Shortly after the wedding, on October 18, 1909—responding to a call from the Korean Mission—he and his wife arrived in the unfamiliar land of Korea. It was a harsh time under the colonial rule of Imperial Japan.
At that time, Pastor Wangerin was appointed head of the Mission Field in Southern Korea (then known as the Namseon region), which included four significant territories: Yeongnam, Chungcheong, Honam, and Jeju. In 1911, he helped establish a missionary headquarters at the foot of Seongam Mountain in Gyeongsan and organized a Sabbath School with 30 members. Their ministry began in a simple tent on a barren field, as no church building was available.
Pastor Wangerin laid the foundation for Adventist work in the southern region and was ordained in 1915. Tragically, that same year, he and his wife lost their youngest daughter, Mabel—born in Korea—to illness.
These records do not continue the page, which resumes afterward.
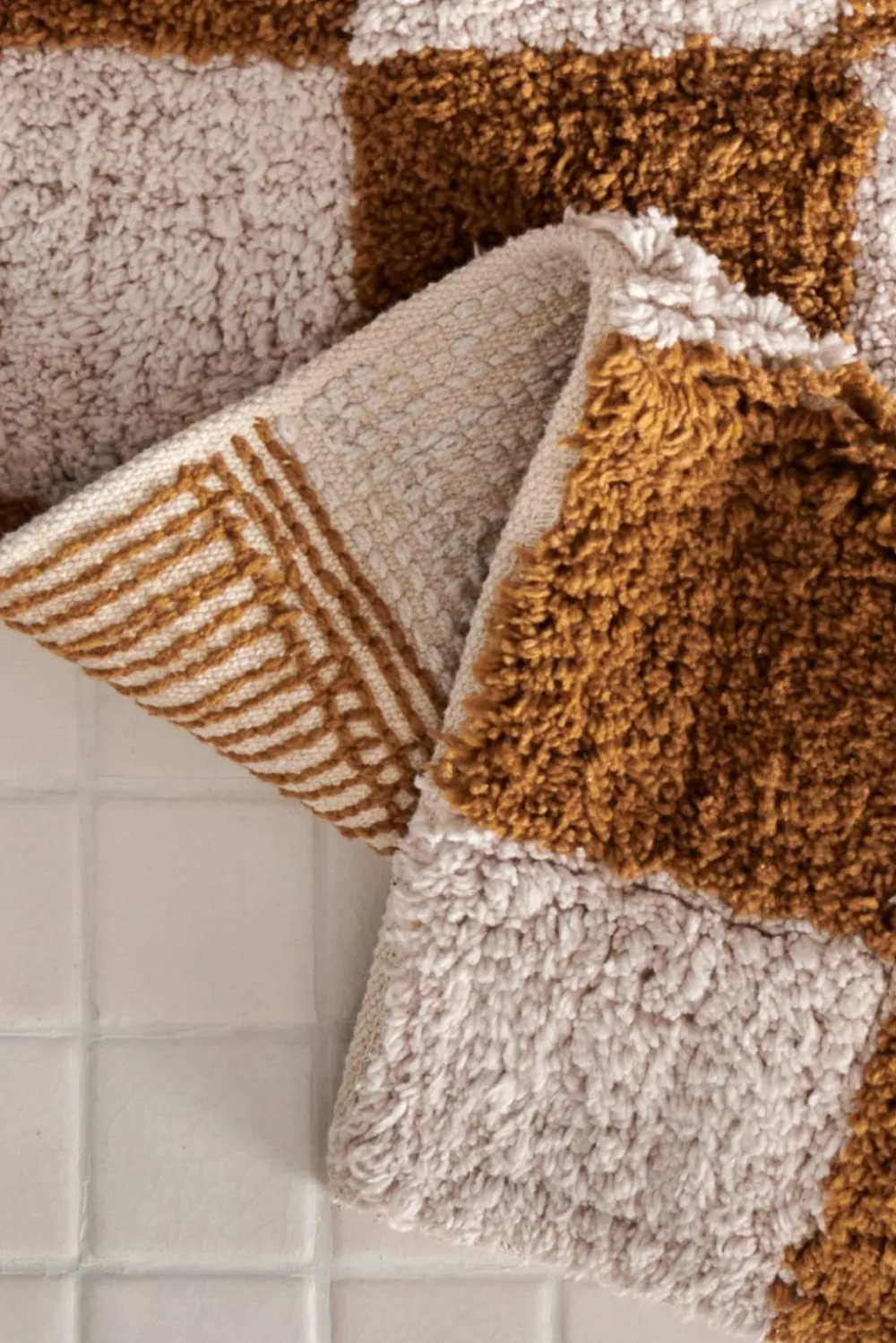 Ellos Badeværelsesmåtter>Home Bademåtte Hilda Creme rostorange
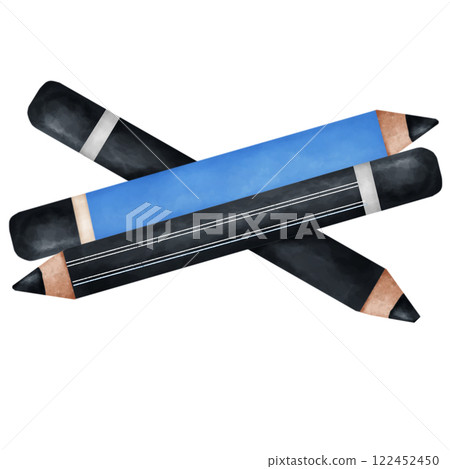 pencil isolated on white background 122452450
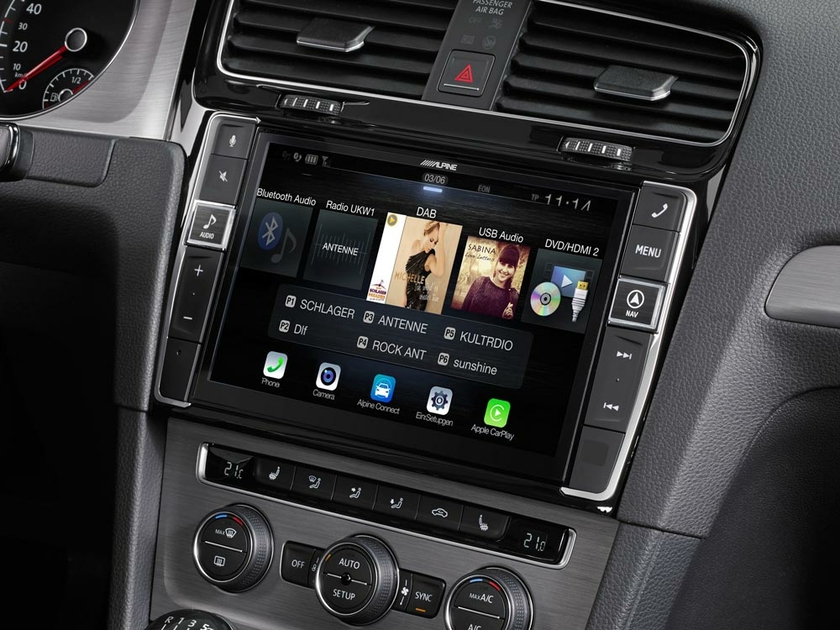 i903DG7 et X903DG7 Alpine GPS écran tactile Volkswagen Golf 7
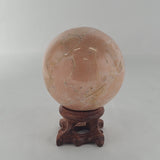 Strawberry Calcite Sphere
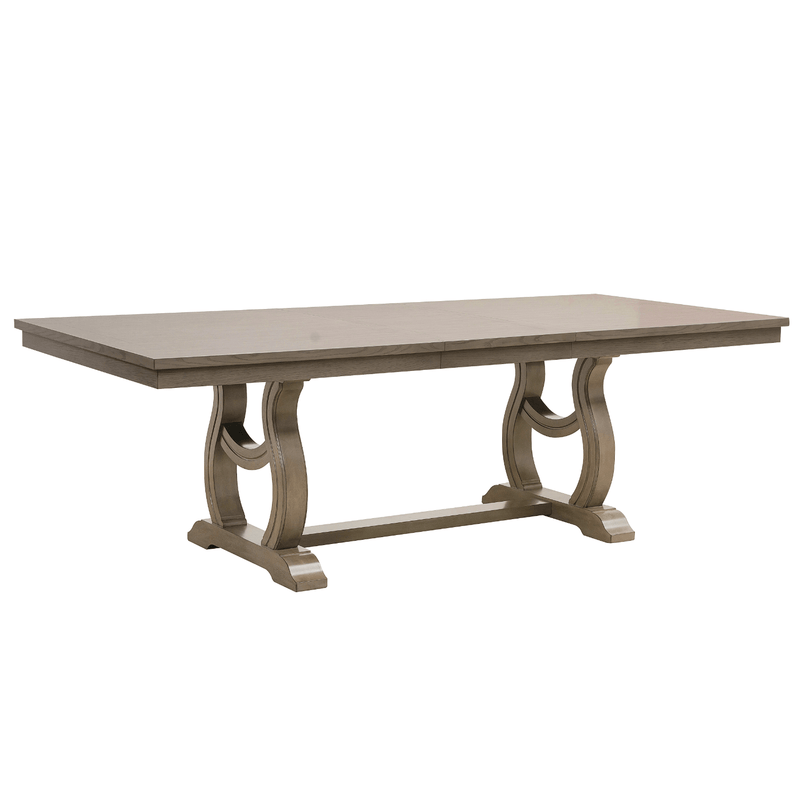 Vermillion Gray Cashmere Extendable Dining Set - Gate FurnitureDining Room Set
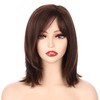 Onedor Women's 14 Inch Straight Short Bob Wig Synthetic Full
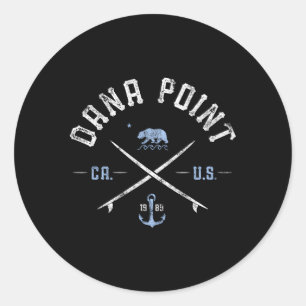 Dana Point California Surfing Travel Runt Klistermärke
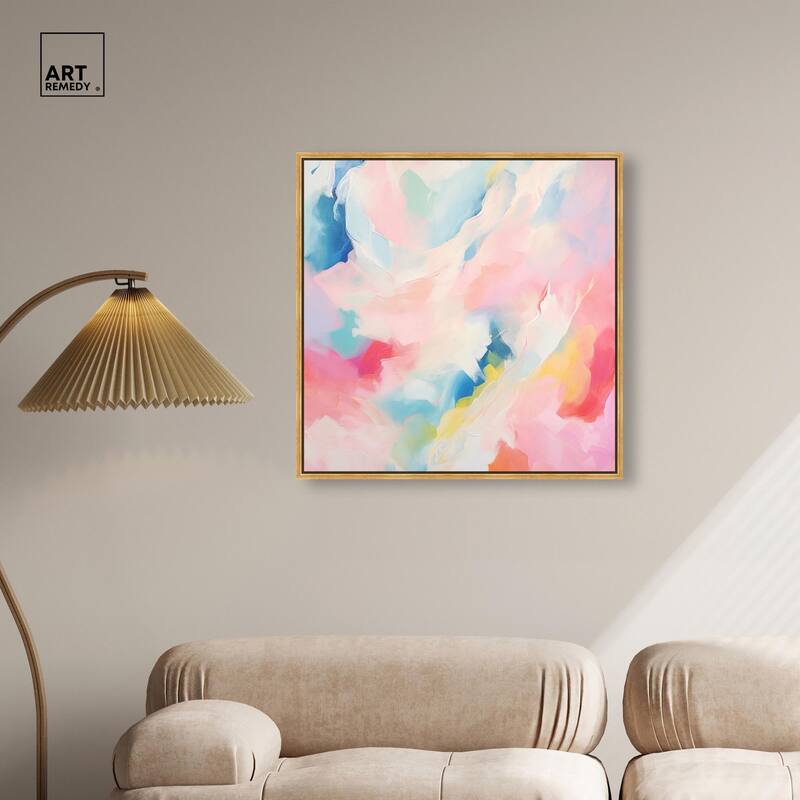 Cotton Candy Clouds II Canvas by Art Remedy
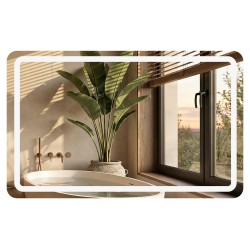 REA - Zrkadlo LED 100x60cm EDIT (HOM-01524)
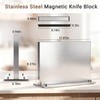 Kirumie Magnetic Knife Holder, Stainless Steel Magnetic Knife Block with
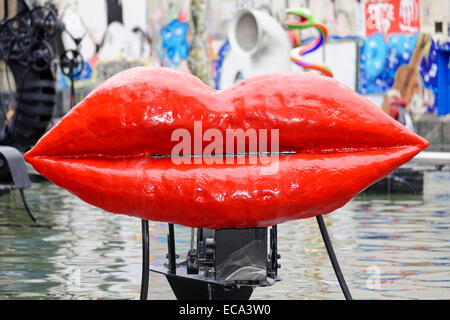 Strawinsky-Brunnen, Igor Strawinsky-Quadrat, Centre Georges Pompidou, Paris, Frankreich Stockfoto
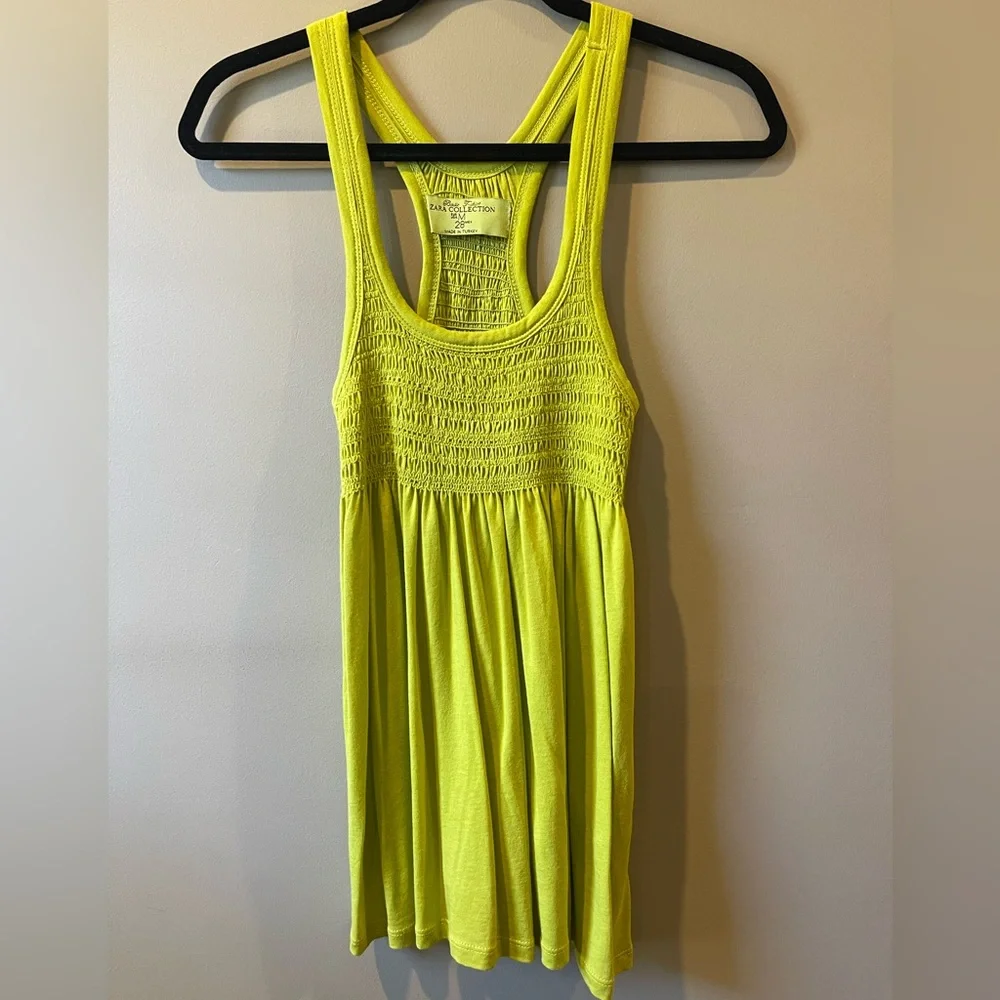 Zara Collection Women’s racer back Tank - Green - Medium - Picture 1 of 4
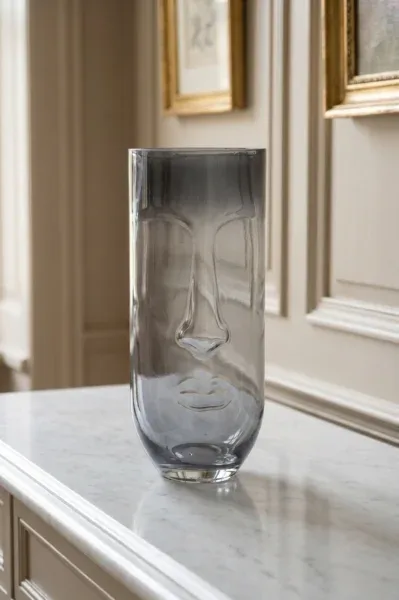 Aura Face Cam Vazo Füme - 29 cm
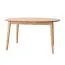 Tavolo rotondo 90 cm | Rovere massiccio oliato | Design minimal | 4 gambe stabili | Serie Erdre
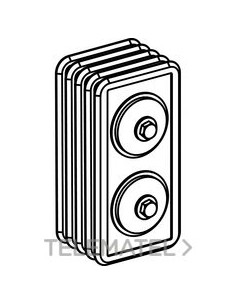 BLOQUE UNIÓN YA CANALIS KR 5x1600A Al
They buried her in an unmarked hillside grave in Gyeongsan, quietly committing their grief and pain to God and pledging to continue their gospel work.
In 1916, Pastor Wangerin returned to the United States to receive treatment for tuberculosis. Sadly, on June 1 of the following year, he passed away, leaving behind his wife and two children.

■ Theodora Scharffenberg Wangerin (Known in Korea as Wang DaeAh)
Born on December 17, 1888, in St. Louis, Missouri, Theodora Scharffenberg Wangerin was the younger sister of Mimi Schaffner, recognized as the first female missionary of the Seventh-day Adventist Church in Korea and a pioneer of women’s education there. Theodora was raised in the Adventist faith from age 12, and after marrying Pastor Wangerin, she followed him to Korea to serve as a missionary. Even after Pastor Wangerin passed away in 1917, Theodora returned to Korea with their two children to continue her husband’s missionary endeavors.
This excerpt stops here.